Sounding rumba Afrotopias

Frank Gunderson

This article offers a glimpse at two foundational works of Congolese rumba produced at the threshold of African decolonization: Indépendance Cha Cha (1960), composed by Joseph ‘Grand Kallé’ Kabasélé and performed by L’African Jazz, and Africa Mokili Mobimba (1961), composed by Charles Mwamba ‘Déchaud’ Kasanda and first articulated through the same band and their broader musical network. Situating each song within its specific historical, political, and cultural context, the study argues that Congolese popular music actively shaped how African publics sensed, narrated, and imagined that transition. Indépendance Cha Cha , recorded in Brussels during the Congo’s Table Rond (Round Table) negotiations, functioned as a performative staging of national unity at the very moment of sovereignty.
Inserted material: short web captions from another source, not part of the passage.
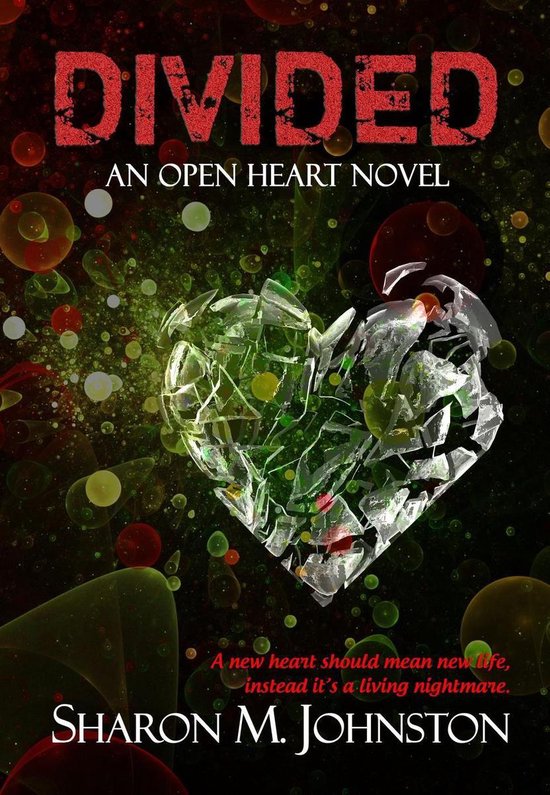 An Open Heart Novel 1 - Divided - cover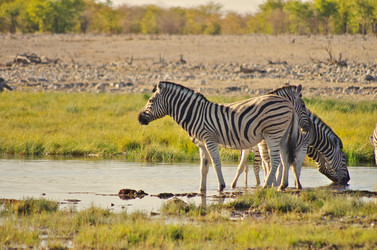 Similar image 12688187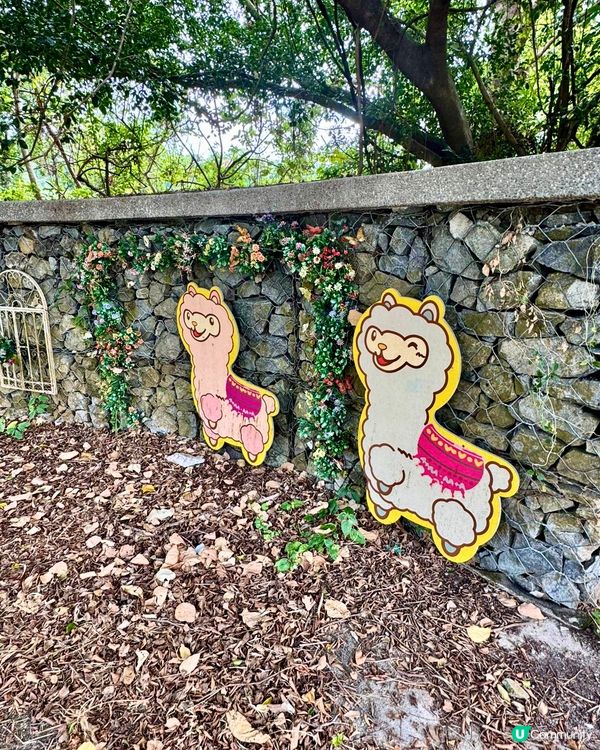 假期推介✅大埔蝶豆花園親子遊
Through its festive Cuban-influenced cha-cha rhythm, multilingual lyrics, and extensive roll call of political parties and leaders, the song transformed political negotiation into a participatory sonic event. It travelled widely, rapidly assuming the role of an unofficial anthem of Congolese and pan-African independence. A few years later, Africa Mokili Mobimba [Africa all over the world], offered a more contemplative perspective. Performed by an emerging generation of L’African Jazz musicians, the song addresses Africa as a continental subject, articulating a broader ethical vision grounded in dignity, responsibility, and global presence. Taken together, these two songs mark different scales and temporalities of liberation. Indépendance Cha Cha is tied to the immediacy of 1960, a celebratory gesture that stages consensus amid political uncertainty. Africa Mokili Mobimba expands that horizon, imagining Africa beyond the event of independence and toward a wider field of circulation and belonging. Drawing on the concepts of imagined futurity articulated by Jacques Attali and Felwine Sarr, the article demonstrates how Congolese rumba served as a medium through which independence was not only announced but also culturally rehearsed, ethically extended, and heard. In doing so, it positions popular music as a central site for understanding the temporal and imaginative dimensions of African decolonization.